Add step size to a linear optimization

I'm working on a blending problem similar to the pulp example

I have this constrain to make sure the quantity produced is the desired one

prob += lpSum([KG[i] * deposit_vars[i] for i in deposit]) == 64, "KGRequirement"

But I also need to add another constraint for the minimun value different than zero, this is because is not convenient that I take for example, 0.002KG of one ingredient, I have to take either 0 or at least 2 kg, hence valid cases are e.g. 0, 2, 2.3, 6, 3.23.

I tried to make it this way:

for i in deposit:
    prob += (KG[i] * deposit_vars[i] == 0) or (TM[i] * deposit_vars[i] >= 30)

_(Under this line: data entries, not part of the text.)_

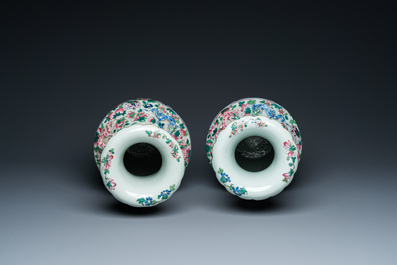 A pair of Chinese famille rose 'court scene' vases, 19th C.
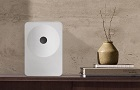 Reproduktor Samsung Music Studio 7 v bílé barvě stojí na dřevěném stolku vedle dekorativní vázy.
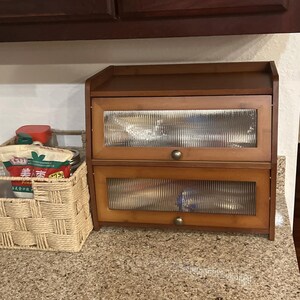 May include: A two-tiered wooden bread bin with glass panel doors. The bread bin is made of light brown wood and has a dark brown top. The glass panels have a ribbed texture. The bread bin has two small brass knobs for opening the doors.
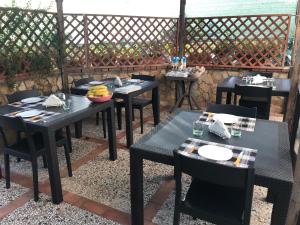 a group of tables and chairs on a patio at Busalacchi B&B in Mondello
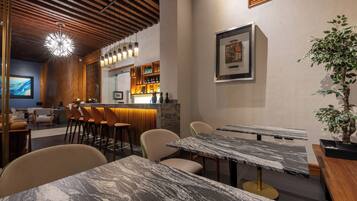 A modern restaurant with marble tables, wooden ceiling, and a bar area with stools.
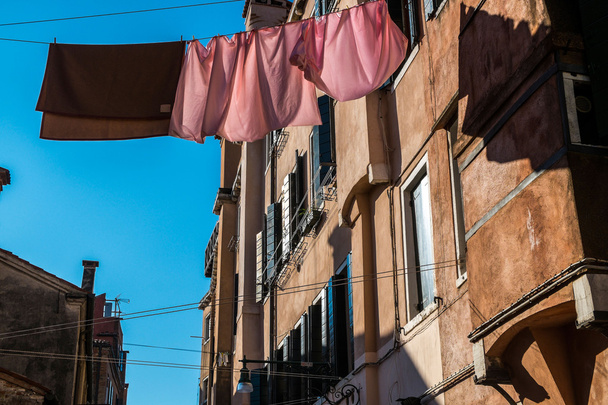 Ενδύματα που κρεμούν να στεγνώσει σε έναν παραδοσιακό δρόμο της Βενετίας - Φωτογραφία, εικόνα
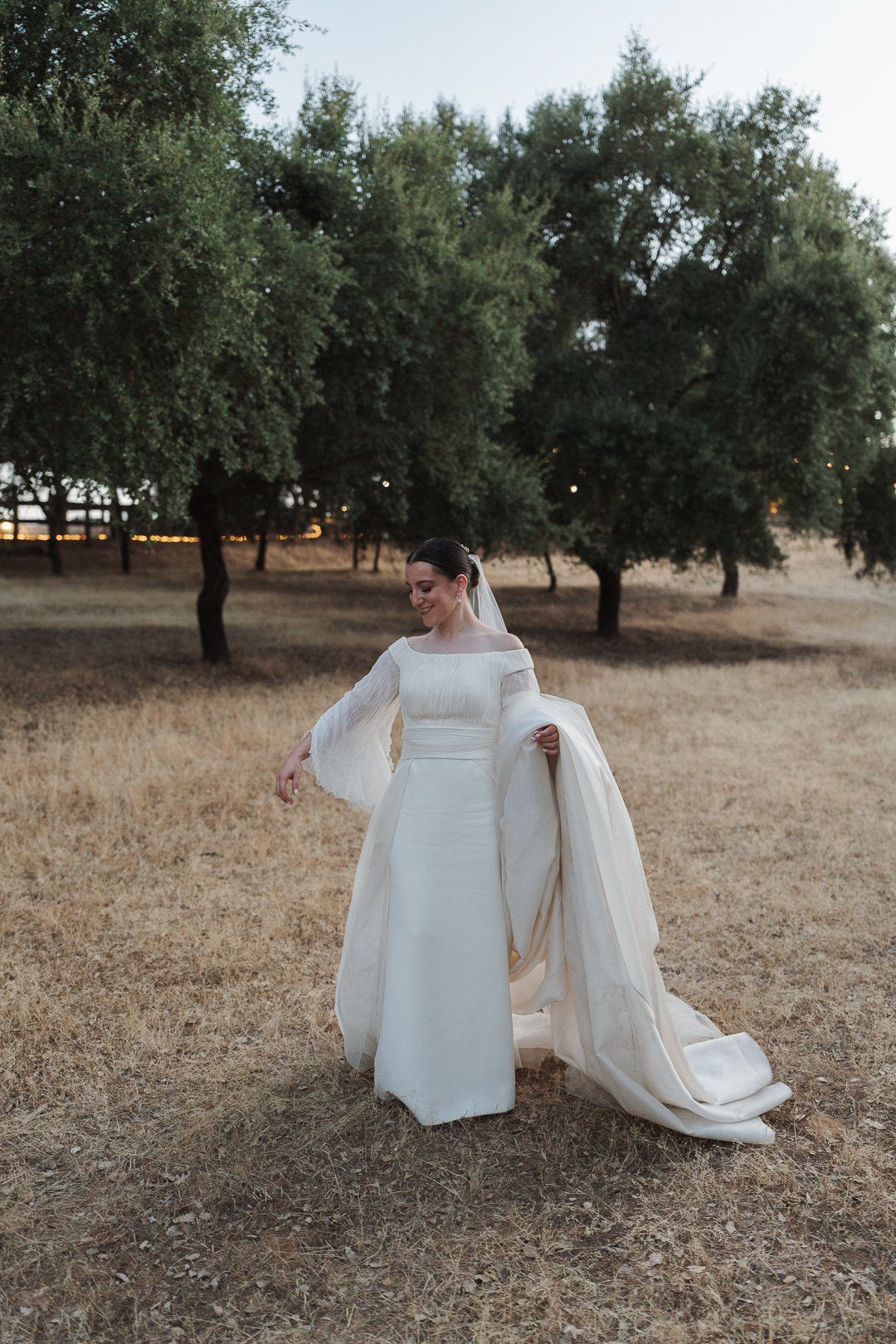 Inmaculada en el cóctel, entre olivos, con la sobrefalda de seda rústica de su vestido de novia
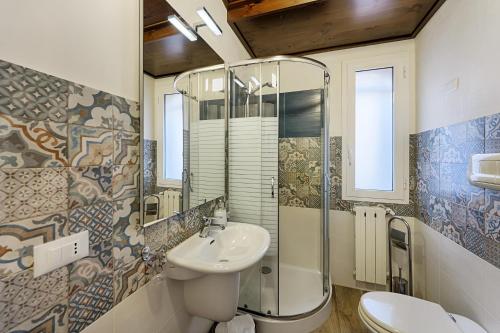 a bathroom with a sink and a toilet and a mirror at Tenuta Dorata in Ragusa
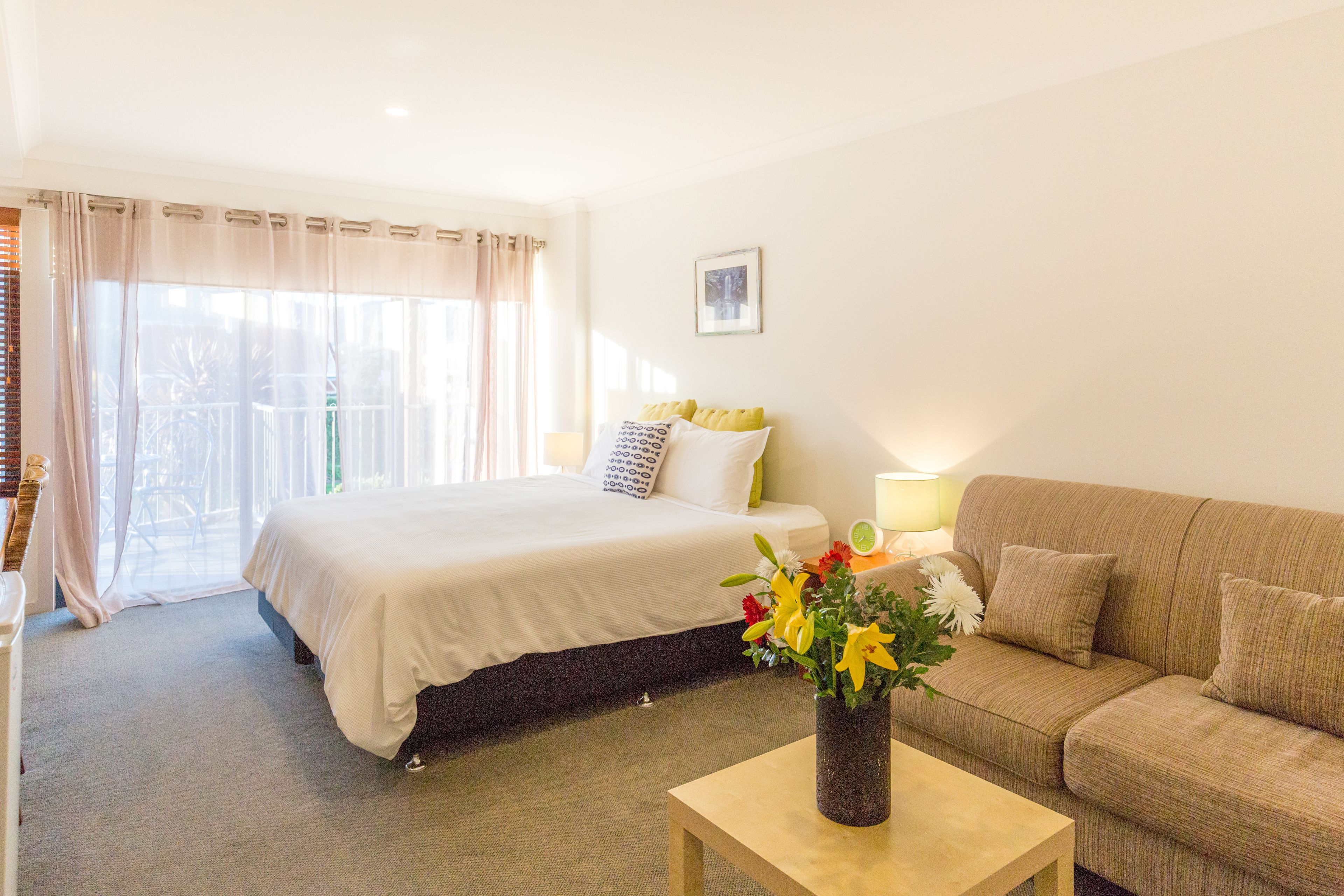 Una habitación de hotel con cama, sofá, una mesita de centro con un florero y una lámpara, además de un ventanal con cortinas.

But that is not working and it just make the problem Infeasible

EDIT

This my current code:

import pulp
from pulp import *
import pandas as pd

food = ["f1","f2","f3","f4"]
KG = [10,20,50,80]
Protein =       [18,12,16,18]
Grass = [13,14,13,16]
price_per_kg =  [15,11,10,22]

##            protein,carbohydrates,kg

df = pd.DataFrame({"tkid":food,"KG":KG,"Protein":Protein,"Grass":Grass,"value":price_per_kg})


deposit =  df["tkid"].values.tolist()

factor_volumen = 1



costs =  dict((k,v) for k,v in zip(df["tkid"],df["value"]))
Protein =  dict((k,v) for k,v in zip(df["tkid"],df["Protein"]))
Grass =  dict((k,v) for k,v in zip(df["tkid"],df["Grass"]))
KG =  dict((k,v) for k,v in zip(df["tkid"],df["KG"]))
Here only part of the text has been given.